On Apr 30, 2008, at 6:56 PM, Matt Mahoney wrote:
Which protocol are you referring to, the one described on my web page
or the abstract one described in my thesis?


Thesis.


In the abstract one I
described a network of n identical (but unreliable) peers, each
connected to c = O(log n) peers,...


Yeah, that is kind of what I meant. You have to design the protocol to guarantee that the aggregate network does not develop pathologies that greatly reduce its efficiency and utility, otherwise you *will* end up at a pathological minima. If you look at, for example, the evolution of routing protocols they learned this lesson the hard way -- multiple times. If you study Nash Equilibria and similar, you will find that there are constrained cases that will allow you to design a protocol that will generate efficient equilibria, but real network characteristics increasingly violate the set of constrained cases that we know how to design a decentralized protocol for. If you study BGP4 (core routing protocol), you will see that it essentially uses the venerable Marginal Cost Pricing (MCP) optimization strategy, but with an increasing number of patches to deal with the fact that the assumptions that make it work are increasingly violated.

Your model above tacitly predicates its optimality on a naive MCP strategy, but is not particularly well-suited for it. In short, this means that you are assuming that the aggregate latency function for a transaction over the network is a close proxy for the transaction cost. At one time this might have been a reasonable assumption, but it becomes less true every year. There are some interesting new strategies from other fields of mathematics that kind of look like a more adaptive MCP strategy but which does not really solve the problem -- a google search on MCP will put you in the link ballpark to find all the other literature. It is actually possible to make applications like yours work in an MCP model, but it requires fine-grained, authoritative accounting in an architecture that is supposed to be decentralized which kind of defeats the purpose -- you have to be able to trust every node in a strong sense.


There are an increasing number of problem and application spaces that are very pathological on decentralized topologies that are optimized with conventional MCP models. This is a big theoretical concern right now, both because conventional networks are diverging from the robust assumptions that make it valid and because there are organizations that want to build decentralized systems that they know upfront cannot be built in such a way that they do not collapse into an expensively pathological morass. Most of the basic computer science literature on decentralized systems limits itself to models based on the assumption of a naive MCP strategy or partially centralized control to maintain optimality.

I cannot tell you how to solve the problem, as I am not aware of a good solution other than strictly centralizing key pieces of metadata control which will impose its own serious issues. One of the benefits of tightly controlled cloud/cluster models (e.g. Google) is that you can impose optimizing constraints that are utterly impractical or impossible to impose on the wild and wooly internet at large.
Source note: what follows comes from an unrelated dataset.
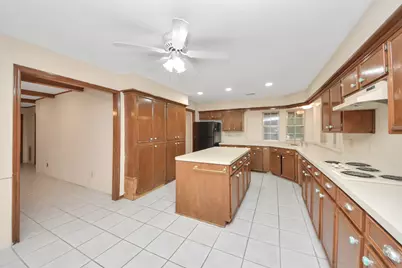 13903 Charlynn Oaks Drive, Houston, TX 77070 - Photo 9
This is a problem I have spent a lot of time on but, other than developing a really deep appreciation of the theory surrounding the development of pervasively decentralized topology protocols that do not slowly destroy themselves in the wild, I cannot say that I have made any progress on it. It is a broad theoretical problem that is kind of sneaking up on us, and I suspect over the long run we'll use one of the less than ideal modifications of MCP (like using a central authority) to deal with it.

Like I said, I don't have a good solution for you that will allow things to scale the way you want, I mostly wanted to point out that these issues had not been addressed appropriately for the scale being discussed. Interestingly, it seems that hardly anyone that works on decentralized systems design is aware of these issues -- it is the domain of theoretical mathematicians and routing geeks. For small systems, it really doesn't matter which may be part of the reason why.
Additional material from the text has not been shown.